Task instructions =
Each record below needs to be set down again exactly.

Data provided =
•••••
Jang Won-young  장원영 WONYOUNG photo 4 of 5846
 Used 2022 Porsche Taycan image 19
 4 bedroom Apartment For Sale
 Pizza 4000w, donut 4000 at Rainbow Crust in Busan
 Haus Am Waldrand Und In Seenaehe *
•••••
Solution below =
Jang Won-young  장원영 WONYOUNG photo 4 of 5846
 Used 2022 Porsche Taycan image 19
 4 bedroom Apartment For Sale
 Pizza 4000w, donut 4000 at Rainbow Crust in Busan
 Haus Am Waldrand Und In Seenaehe *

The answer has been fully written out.